Cari açığa şaşı bakış

Çetin Ünsalan Yazar ulusalkanaliletisim@gmail.com

Maliye Bakanı Mehmet Şimşek Antalya’da bir panelde konuştu ve öyle bir söz söyledi ki ‘eyvah eyvah’ dedirtti. Şimşek Türkiye’nin ilk defa çok yüksek bir cari açık problemini krize dönüştürmeden çözdüğünü söyledi. Şimdi bunu neresinden tutacaksınız?

Birincisi Türkiye kendi hükümetleri dışında, Cumhuriyet tarihi boyunca hiçbir zaman böylesine kronik, tehlikeli ve yüksek cari açıkla karşı karşıya kalmadı. İkincisi cari açık yüksek iken ekonomik büyümenin bir gereği ve kaçınılmaz olup, rakamsal bazda düşüşe geçince nasıl bir başarı haline geliyor?

Üçüncüsü cari açık problemi çözülmedi ki… Sadece rakamsal bir düşüş yaşanıyor ve bu da ne yazık ki ihracatın ve ona bağlı ithalatın ivme kaybetmesinden kaynaklanıyor. Yani iki gün sonra yine reel ihracat yapabilecek pazarlar bulsak ve mal satmaya kalksak cari açık patlayacak.

Fakat hokus pokus tadında ekonomi yönetmenin ve göz boyamanın dışında bir şeyden anlamayanlar, yapısal hiçbir problemi çözmeden bunu halka yutturmaya kalkıyorlar. Daha acısı bu ülkenin Maliye Bakanı, en kronik sorunlarımızdan birine şaşı bakıyor.

Bu ülkede katma değerli üretim yapılamazsa, enerjiye salt ithalat ya da üretim olarak yaklaşılırsa, yani verimlilik konuşulmazsa, milli tasarruflarla milli finansman yaratılamazsa, toplam ihracat rakamının hammadde ithalatının sadece yüzde 77’sini karşıladığı gerçeği değiştirilemezse, kur baskısıyla ihracatçı dövülmekten vazgeçilmezse, ne olursa olsun büyüme hastalığından vazgeçilip, kalkınma esaslı bir büyüme hedeflenmezse cari açık sorunu falan çözülmez.

Bakın Maliye Bakanı Şimşek… Başbakan geçen gün doğru bir şey yaptı. Yerli ilaçtan bahsetti ve bu konuda da gerekli bakanlıklar ile kurumların çalışma yapması talimatı verdiği medyaya yansıdı.

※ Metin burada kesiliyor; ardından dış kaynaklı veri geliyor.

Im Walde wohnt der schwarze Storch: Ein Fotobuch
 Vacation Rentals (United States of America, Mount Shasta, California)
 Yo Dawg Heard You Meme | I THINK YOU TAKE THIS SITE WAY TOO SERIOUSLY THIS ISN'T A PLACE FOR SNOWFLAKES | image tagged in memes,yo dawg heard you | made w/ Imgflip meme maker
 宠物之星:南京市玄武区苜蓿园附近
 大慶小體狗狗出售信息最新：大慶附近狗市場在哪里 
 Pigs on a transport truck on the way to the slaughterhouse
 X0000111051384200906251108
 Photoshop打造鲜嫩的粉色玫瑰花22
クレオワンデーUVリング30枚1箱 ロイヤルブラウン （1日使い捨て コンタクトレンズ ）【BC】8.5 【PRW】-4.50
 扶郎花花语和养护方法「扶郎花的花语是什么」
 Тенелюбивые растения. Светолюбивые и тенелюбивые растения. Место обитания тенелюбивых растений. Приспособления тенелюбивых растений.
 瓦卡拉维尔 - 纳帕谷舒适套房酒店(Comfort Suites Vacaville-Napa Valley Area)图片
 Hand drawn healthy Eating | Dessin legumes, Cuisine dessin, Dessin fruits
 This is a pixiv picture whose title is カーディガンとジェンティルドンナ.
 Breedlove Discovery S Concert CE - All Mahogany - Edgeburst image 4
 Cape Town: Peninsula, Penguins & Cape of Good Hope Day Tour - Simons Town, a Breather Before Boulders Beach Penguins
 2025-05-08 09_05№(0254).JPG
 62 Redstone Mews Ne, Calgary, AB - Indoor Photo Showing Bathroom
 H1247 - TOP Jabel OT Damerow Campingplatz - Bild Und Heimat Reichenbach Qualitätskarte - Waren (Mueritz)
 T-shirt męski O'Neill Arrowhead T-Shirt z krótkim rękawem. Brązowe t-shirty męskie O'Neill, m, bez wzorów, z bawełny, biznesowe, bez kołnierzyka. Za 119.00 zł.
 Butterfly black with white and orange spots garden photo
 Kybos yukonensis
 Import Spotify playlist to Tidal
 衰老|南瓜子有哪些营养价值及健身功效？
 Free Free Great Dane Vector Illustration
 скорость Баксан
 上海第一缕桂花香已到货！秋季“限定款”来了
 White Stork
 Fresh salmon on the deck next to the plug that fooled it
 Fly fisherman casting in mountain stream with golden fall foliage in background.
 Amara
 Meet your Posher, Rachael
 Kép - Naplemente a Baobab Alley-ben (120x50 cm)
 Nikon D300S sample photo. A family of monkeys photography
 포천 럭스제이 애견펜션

Bu noktada Gümrük Birliği anlaşmasıyla engellenen jenerik ilaç problemi, ar-ge’ye kaynak aktarmayan bir zihniyet, dünya ilaç lobisinin de aralarında bulunduğu lobiler tarafından finanse edilen bir ekonomi ve siyaset yapısı ayrıca tartışılabilir. Başbakan’a bu detaylar verildi mi bilmiyorum.

Fakat bakış açısı da, çalışılması için talimat verilen konu da son derece doğrudur. Bakan Şimşek bu işe ne der meçhul. Çünkü 2007 senesinde New York’ta bir konuşmasında ‘Türkiye’de küreselcilerle ulusalcıların savaşının yaşandığını belirtip, kendisinin de küreselci olduğunun altını çizmişti.” Şimdi Başbakan’ın yaptığı milli ilaç işi ulusalcı bir yaklaşım... Ne diyecek açıkçası merak ediyorum.

Yani ulusal bir tavır sergilendi. Ne olacak şimdi? Elbette göstermelik değilse… Zira Başbakan bunu söyleyerek bir adım attı. Yandaş basın bunu iki gün şakşaklayıp, Başbakan bir daha zikredene kadar unutur. Ama unutmayıp, takip edenler çıkar. Yani iş söylemekle bitmiyor. Doğru yolda giderse de, tebrik edilir.

Fakat dönersek başa Maliye Bakanı Şimşek, aç kulaklarını da iyi dinle. Beni değil, Başbakan’ını... Cari açık, bu tür yapısal dönüşümler gerçekleşmeden sorun olmaktan çıkmaz. Ya dinle ve öğren ya da bilmiyorsan sus.